ここまでの民主党議会を総括すると、「課題だった『まとまり』は十分に維持出来たが、それだけではたどり着けない力の限界も明らかになった」というところだろう。

まず「まとまり」である。伝統的に民主党は、党内に多様な意見があり、団結して動くのが苦手だった。議会運営にしても、指導部の権力が強かった共和党と比べて、民主党は各委員会の委員長が独自の動きに走りやすいのではないかともいわれていた。加えて、民主党が上下両院で多数党になったのは12年振りのこと。多様な支持母体の多様なペント・アップ・デマンドもある。

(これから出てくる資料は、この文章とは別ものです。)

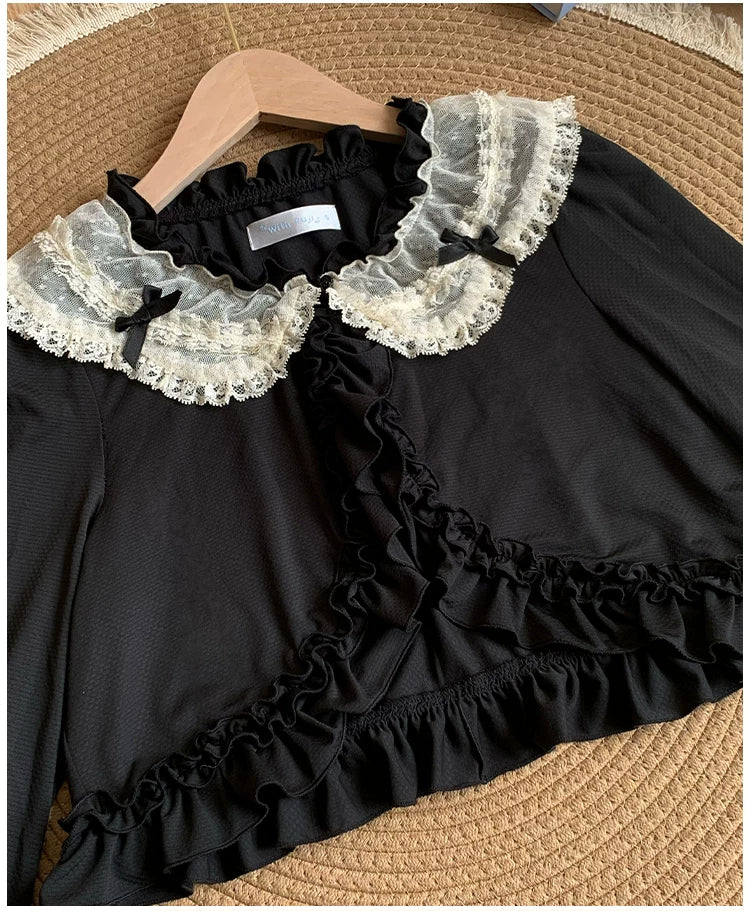 Half Summer - Sweet Lolita Sun Protection Bolero, Lace & Bow - image 8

しかしながら、ここまでの民主党の団結振りは大したものである。議会専門誌のCQ誌がまとめたParty Unity Score(両党の過半数がまとまって違う投票を行なった「対決的な採決」で、自分の政党のポジションと同じ投票を行なった割合)をみると、ここまでの下院民主党議員の平均スコアは98%、上院民主党が95%と極めて高い(Giroux, Greg, "CQ Vote Study Shows Democrats Are Organized Majority So Far", CQ Politics.com, April 2, 2007. "Senate Democrats’ Unity Slightly Less Than House, Higher Than GOP’s", CQ Politics.com, April 3, 2007)。過去と比較しても、ここまでの民主党のまとまり振りは際立っている。同じ数字を遡ると、2005年までのブッシュ政権下の民主党は上下両院ともに86%、クリントン政権時代で下院82%・上院85%である(CQ Weekly誌、2007年1月1日)。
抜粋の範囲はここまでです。